Vendredi 26 mai 2017, le vide qui habite généralement la presse occidentale a été comblé par un geste d’Emmanuel Macron au sommet de l’OTAN à Bruxelles : « Une “féroce” poignée de main » avec le président Trump qui aurait « emballé la presse américaine », selon Le Huffington Post. Une presse qui, outre-Atlantique, a suivi de près l’ascension du candidat modelé par un système dont il ne faut pas dire qu’il existe parce que ce sont là des propos qui « interfèrent avec la démocratie », pour reprendre une phrase de Hillary Clinton !

En France aussi, la lourde et insistante poignée de main de l’Élyséen a fait couler de l’encre : « Il y a un nouveau shérif en ville. Alors que Donald Trump aime imposer sa domination face aux leaders étrangers avec une poignée de main aussi physique qu’interminable, le président américain a trouvé son maître en la personne d’Emmanuel Macron » (source : 20minutes.fr).

Comme disent les jeunes, vous êtes sérieux, là ? Parce que, question virilité, je ne sais pas, vous, mais je miserais plutôt sur Trump ! Bon, mais qu’en est-il ressorti de cet échange entre les deux chefs d’État ?
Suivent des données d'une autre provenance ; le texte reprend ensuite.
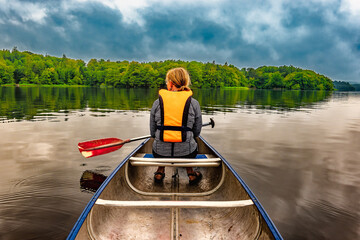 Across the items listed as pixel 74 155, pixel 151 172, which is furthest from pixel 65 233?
pixel 74 155

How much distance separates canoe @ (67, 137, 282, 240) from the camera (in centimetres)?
300

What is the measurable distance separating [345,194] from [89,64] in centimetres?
18735

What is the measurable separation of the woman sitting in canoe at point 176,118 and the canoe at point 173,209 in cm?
30

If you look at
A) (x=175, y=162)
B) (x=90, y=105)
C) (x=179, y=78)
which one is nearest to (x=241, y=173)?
(x=175, y=162)

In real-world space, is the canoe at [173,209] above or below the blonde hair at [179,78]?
below

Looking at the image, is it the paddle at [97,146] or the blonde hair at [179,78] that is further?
the paddle at [97,146]

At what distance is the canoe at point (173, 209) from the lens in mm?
3004

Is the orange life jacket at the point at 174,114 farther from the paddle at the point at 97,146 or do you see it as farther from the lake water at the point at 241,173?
the lake water at the point at 241,173

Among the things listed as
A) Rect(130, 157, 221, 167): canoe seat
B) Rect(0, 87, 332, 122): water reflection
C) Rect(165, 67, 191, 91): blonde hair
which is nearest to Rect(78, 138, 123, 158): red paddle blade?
Rect(130, 157, 221, 167): canoe seat

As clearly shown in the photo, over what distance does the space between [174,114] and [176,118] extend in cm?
9

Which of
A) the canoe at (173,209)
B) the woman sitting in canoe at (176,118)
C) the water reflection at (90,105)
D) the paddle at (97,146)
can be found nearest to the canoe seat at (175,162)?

Il y a eu les inévitables amabilités diplomatiques : « C’est un grand honneur pour moi d’être avec le nouveau Président élu de la France qui a fait une campagne incroyable et obtenu une victoire formidable », côté Trump ; et, côté Macron : « Pour ma part, je suis très heureux aussi d’être avec le président Trump. Nous avons à discuter d’un agenda extrêmement large, qu’il s’agisse de la lutte contre le terrorisme, de l’économie, du climat ou de l’énergie. » La vérité est que les deux hommes ne s’apprécient pas et c’est un euphémisme que d’affirmer qu’ils n’ont pas beaucoup de points de convergence.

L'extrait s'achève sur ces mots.